Re: I Don't Get The "Spydie-Flick."

Posted: Mon Jan 13, 2020 3:16 pm
by Dazen
Honestly y’all, they are just knives. I use and abuse them for a few years and never really carry them again. I don’t even own many of the knives I did 15 years ago. If I flick it so much that it is not useable anymore I get rid of it and on to the next. There are no safe queens in my house.

What do y’all say about the Ikuchi, a knife that has to be flick to use at all?

Re: I Don't Get The "Spydie-Flick."

Posted: Mon Jan 13, 2020 3:18 pm
by zuludelta
I prefer a slow opening roll using my thumb when at work... much more discreet that way.

I do find myself absent-mindedly Spydie-flicking my knife on occasion when I'm idle, though.
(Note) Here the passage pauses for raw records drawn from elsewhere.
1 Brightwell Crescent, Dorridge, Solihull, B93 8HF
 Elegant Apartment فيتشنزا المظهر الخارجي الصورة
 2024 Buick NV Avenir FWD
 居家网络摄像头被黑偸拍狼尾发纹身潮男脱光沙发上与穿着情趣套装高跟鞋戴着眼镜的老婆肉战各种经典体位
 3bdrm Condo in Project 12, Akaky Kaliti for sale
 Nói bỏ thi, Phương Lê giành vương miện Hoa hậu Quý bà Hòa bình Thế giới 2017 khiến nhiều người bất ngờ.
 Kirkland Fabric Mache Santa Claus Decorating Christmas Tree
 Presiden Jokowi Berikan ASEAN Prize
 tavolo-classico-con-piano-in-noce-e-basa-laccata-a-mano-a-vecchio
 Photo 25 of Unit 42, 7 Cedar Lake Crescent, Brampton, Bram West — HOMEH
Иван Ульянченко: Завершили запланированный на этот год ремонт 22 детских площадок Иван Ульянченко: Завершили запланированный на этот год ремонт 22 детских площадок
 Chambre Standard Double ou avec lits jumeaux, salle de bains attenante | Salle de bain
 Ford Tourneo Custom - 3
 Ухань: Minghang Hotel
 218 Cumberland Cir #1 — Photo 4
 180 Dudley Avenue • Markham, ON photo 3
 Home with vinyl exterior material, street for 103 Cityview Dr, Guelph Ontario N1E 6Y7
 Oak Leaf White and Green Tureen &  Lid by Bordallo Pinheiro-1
I'm fairly good at it, I use mid-backlock knives almost exclusively & I can Spydie-flick them with either the index or the middle finger easily with no need for wrist action. Most of the time, however when I feel like fidgeting with my knife, I just use it like a worry stone.

Re: I Don't Get The "Spydie-Flick."

Posted: Mon Jan 13, 2020 3:27 pm
by Larry_Mott
I can do it if i want to but i don't want to :) It just doesn't feel better or even as good as thumb flicking, or most often at work, thumb opening.
Now i don't like to call things dumb just because they're not for me so let's call it just that - it's clearly not for me. Can't see the point.

Re: I Don't Get The "Spydie-Flick."

Posted: Mon Jan 13, 2020 3:40 pm
by TomAiello
I use the thumb. Spydie flicking is a fidget. I prefer to fidget with flippers, and use my Spyderco knives. :)

Re: I Don't Get The "Spydie-Flick."

Posted: Mon Jan 13, 2020 3:52 pm
by JaseRicco
I alternate between thumb flicking and spydie flicking. The action on my Para 3 LW allows each to be done with ease. I don't ever spydie drop though, for one reason or another.

Re: I Don't Get The "Spydie-Flick."

Posted: Mon Jan 13, 2020 4:06 pm
by Bloke
Wartstein wrote:
Mon Jan 13, 2020 2:29 pm
I am a climber
Image

Re: I Don't Get The "Spydie-Flick."

Posted: Mon Jan 13, 2020 4:08 pm
by Tucson Tom
I tried it. Didn't seem natural. It wasn't something I wanted to work on to "be cool" so I shrugged and moved on.

Opening the knife with my thumb is simple, natural, reliable, and it just "works for me".

So I guess it just ain't for me. And I take note of people saying that it might not be the best thing to be slamming the knife open.